* [WORK TO BE COMPLETED] The lines to copy run from the one containing "Da war der Sieger" to the last line of the entries; output those lines exactly and only them, without pictures.

===== INFORMATION

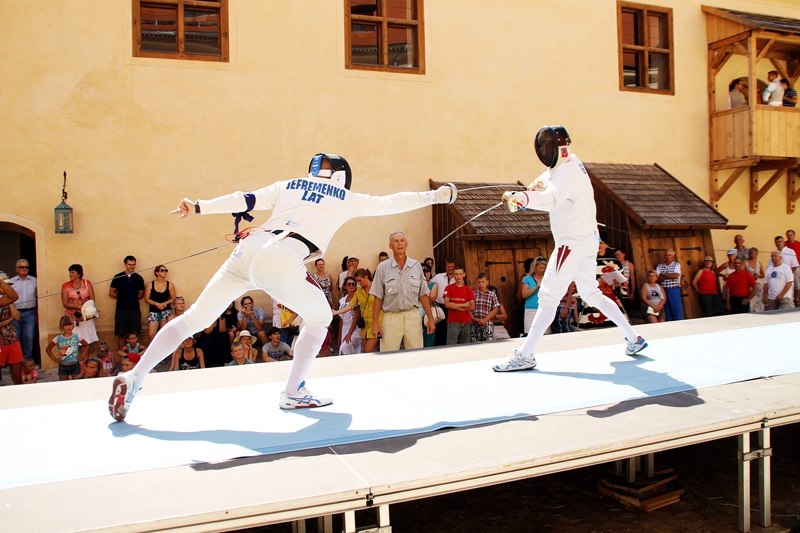Mihails Jefremenko (no kreisās) izcīnīja uzvaru cīņā ar špagu.
Autors: Uldis Varnevičs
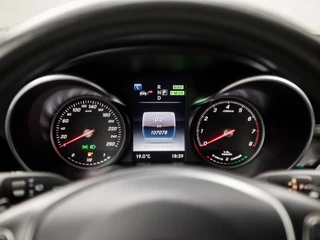 Mercedes-Benz C-Klasse 279Pk Automaat (GROOT NAVI, LUCHTVERING, CAMERA, LEDER, STOELVERWARMING, GETINT GLAS, ELEK SPORTSTOELEN, ELEK ACHTERKLEP, ZWART HEMEL, NIEUWE APK, NIEUWSTAAT) - afbeelding nr 21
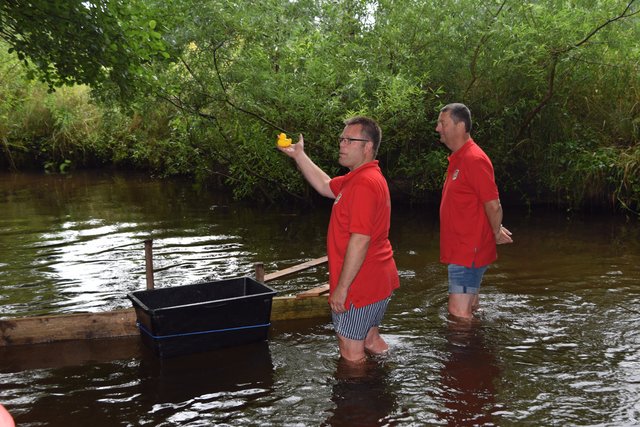 Da war der Sieger gefunden: Marxens Bürgermeister Christian Meyer (li.) sammelte zusammen mit Joachim Frommann (Gemeinderat Marxen) die Sieger aus der Aue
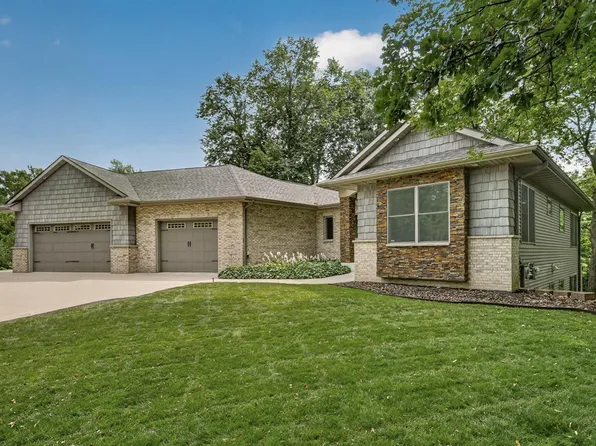 2130 Arlen Ct SW, Rochester, MN 55902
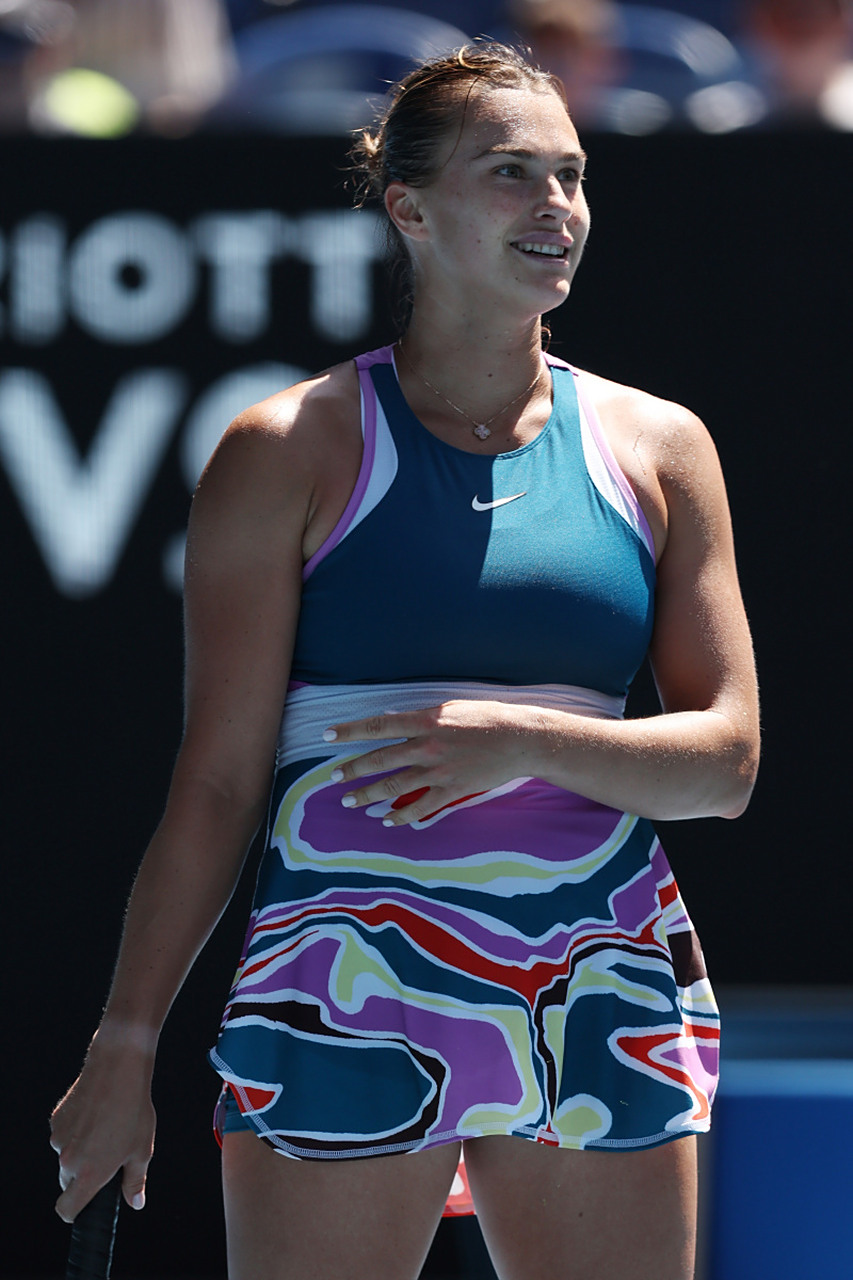 经逐步走向 经逐步走向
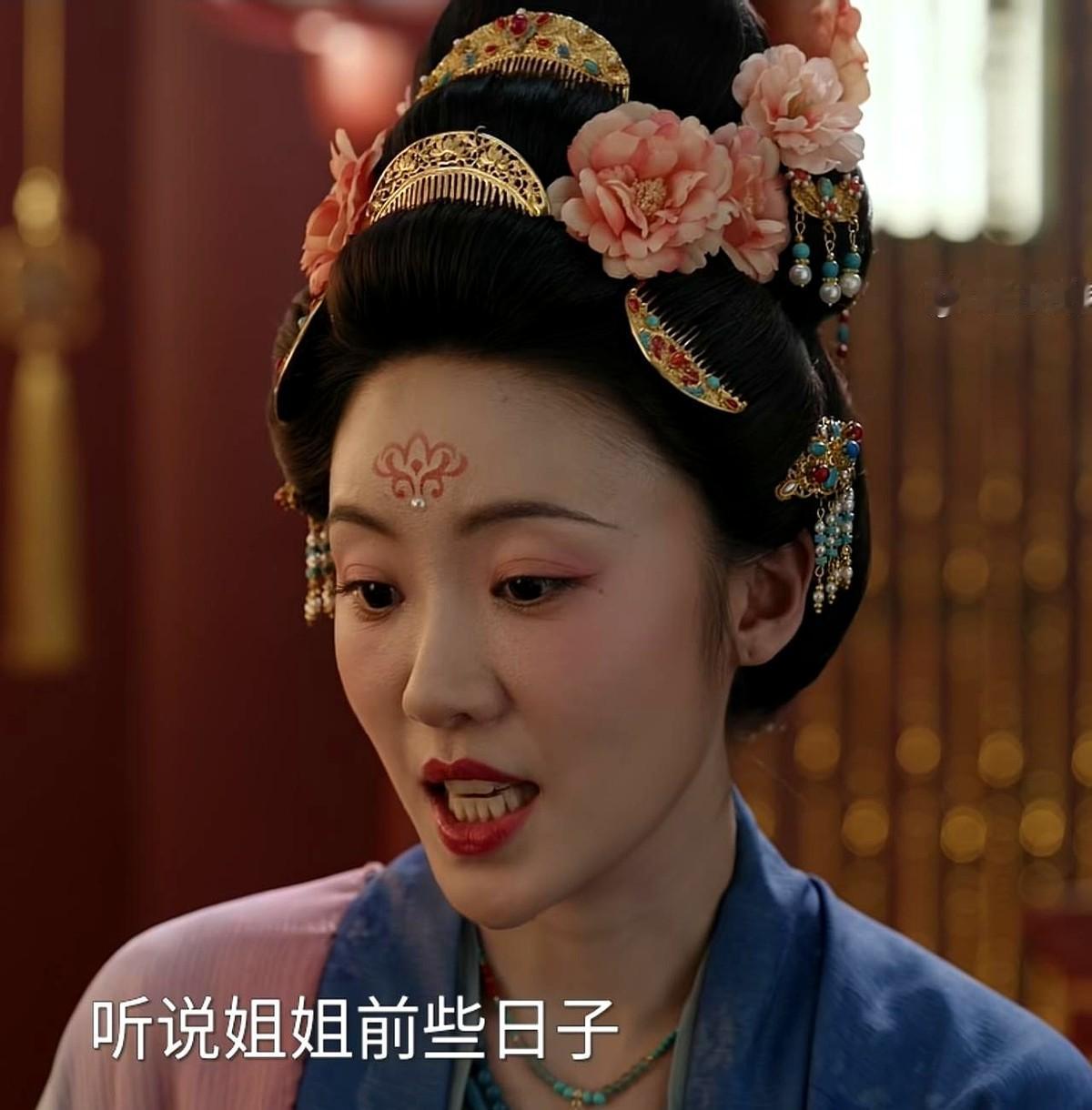 张月这回真把人看懵了。那边还在浪姐当队长劲歌热舞，这边《莫离》一开播，她摇身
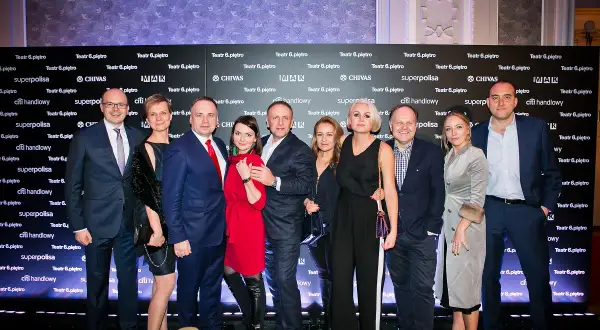 Niezwyciężony w teatrze 6 piętro – poznaj fabułę i obsadę spektaklu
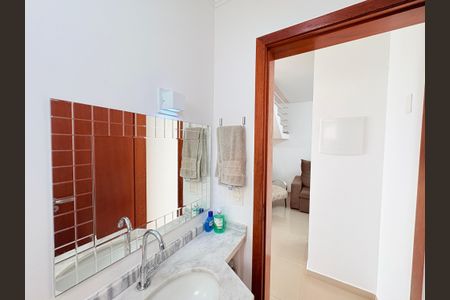 Casa de condomínio à venda com 153m², 3 quartos e 4 vagasBanheiro Social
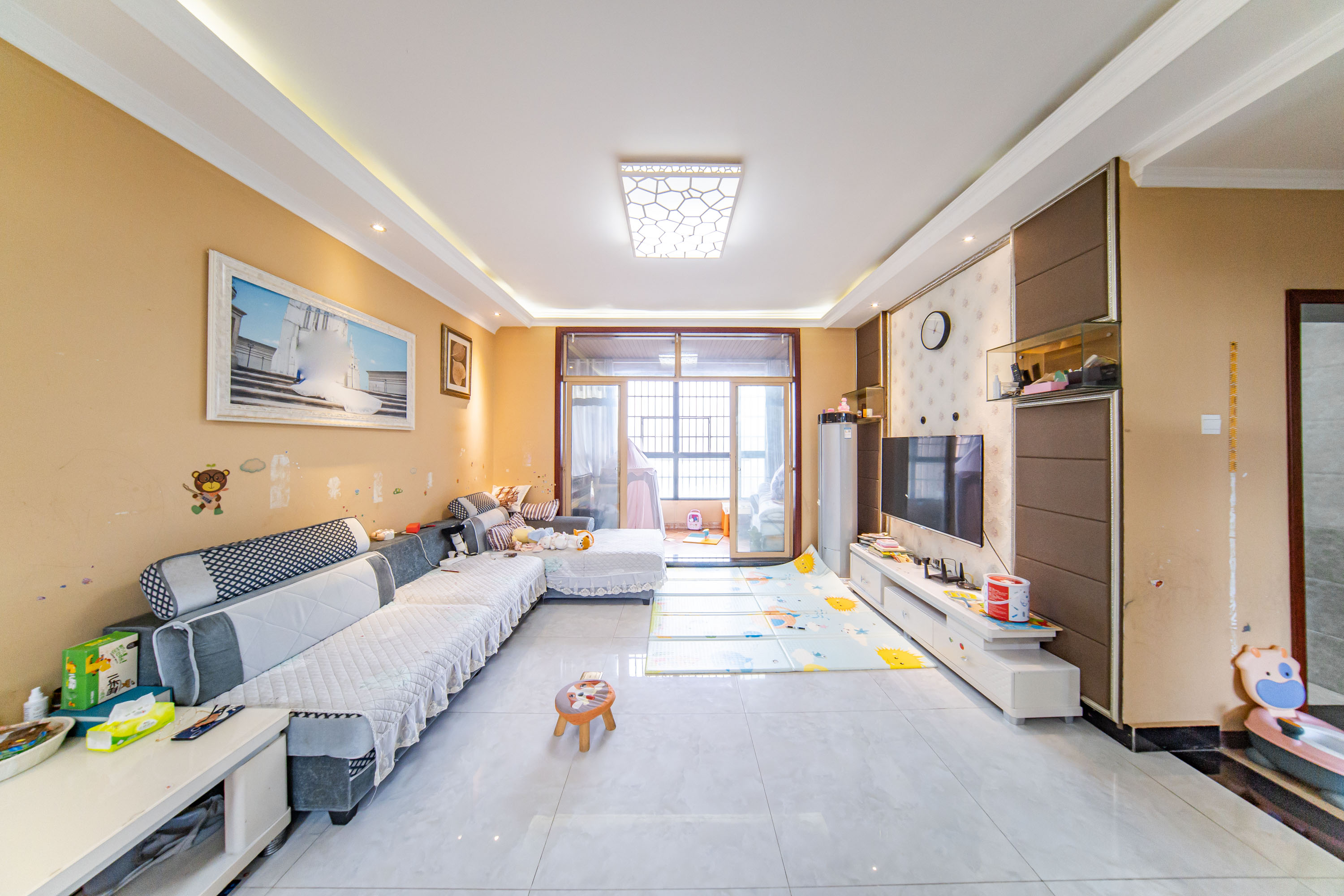 枫华府第  3室2厅1卫    91.0万客厅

==========

* [SOLUTION TO THIS TASK]
 Da war der Sieger gefunden: Marxens Bürgermeister Christian Meyer (li.) sammelte zusammen mit Joachim Frommann (Gemeinderat Marxen) die Sieger aus der Aue
 2130 Arlen Ct SW, Rochester, MN 55902
 经逐步走向 经逐步走向
 张月这回真把人看懵了。那边还在浪姐当队长劲歌热舞，这边《莫离》一开播，她摇身
 Niezwyciężony w teatrze 6 piętro – poznaj fabułę i obsadę spektaklu
 Casa de condomínio à venda com 153m², 3 quartos e 4 vagasBanheiro Social
 枫华府第  3室2厅1卫    91.0万客厅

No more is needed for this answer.